Could you reproduce the lines below from the one with "[men whooping]" through the one with "Villa Cumbre del Sol — 5"? Keep both ends and add nothing.

Task inputs:
=======
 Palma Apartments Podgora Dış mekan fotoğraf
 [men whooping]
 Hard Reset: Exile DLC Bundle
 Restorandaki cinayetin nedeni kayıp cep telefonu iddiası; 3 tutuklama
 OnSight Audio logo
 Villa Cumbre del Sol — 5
=======
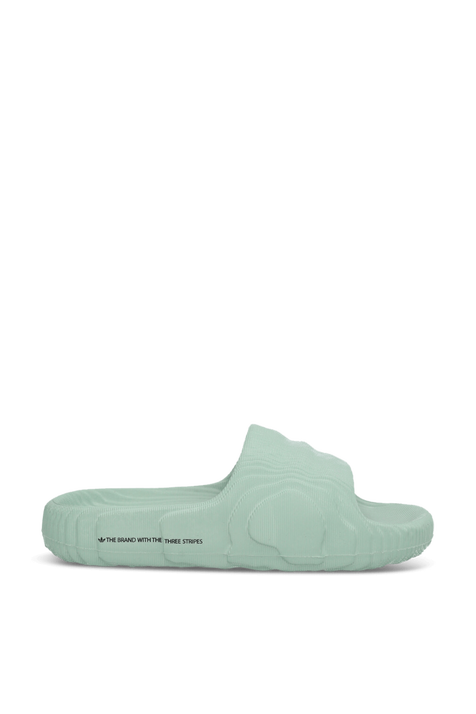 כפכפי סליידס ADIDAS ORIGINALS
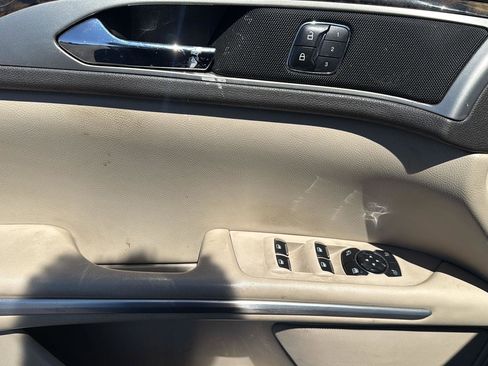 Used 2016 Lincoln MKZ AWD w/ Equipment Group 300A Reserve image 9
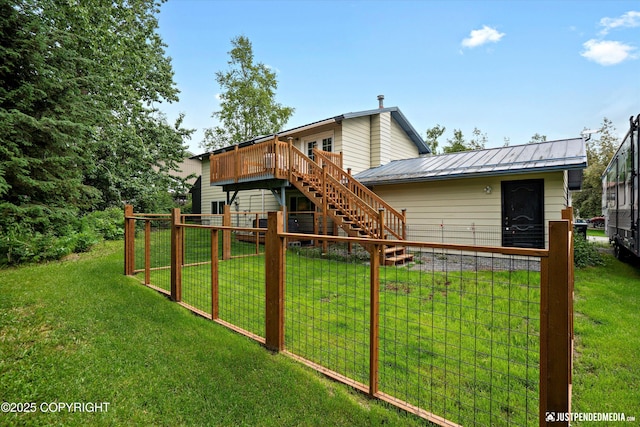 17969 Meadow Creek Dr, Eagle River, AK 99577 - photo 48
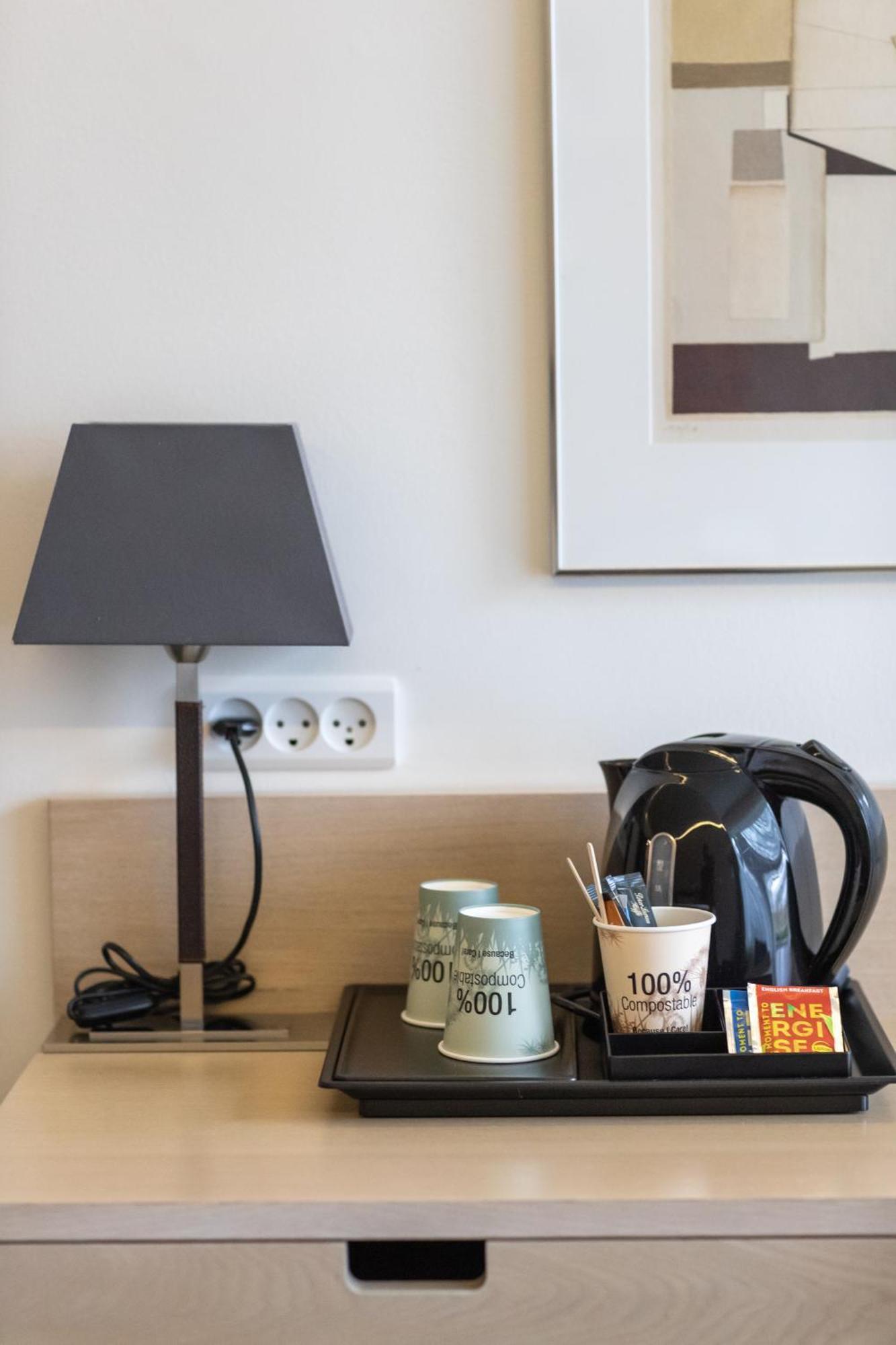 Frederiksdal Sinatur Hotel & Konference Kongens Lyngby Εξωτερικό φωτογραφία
=======
Answer box:
 [men whooping]
 Hard Reset: Exile DLC Bundle
 Restorandaki cinayetin nedeni kayıp cep telefonu iddiası; 3 tutuklama
 OnSight Audio logo
 Villa Cumbre del Sol — 5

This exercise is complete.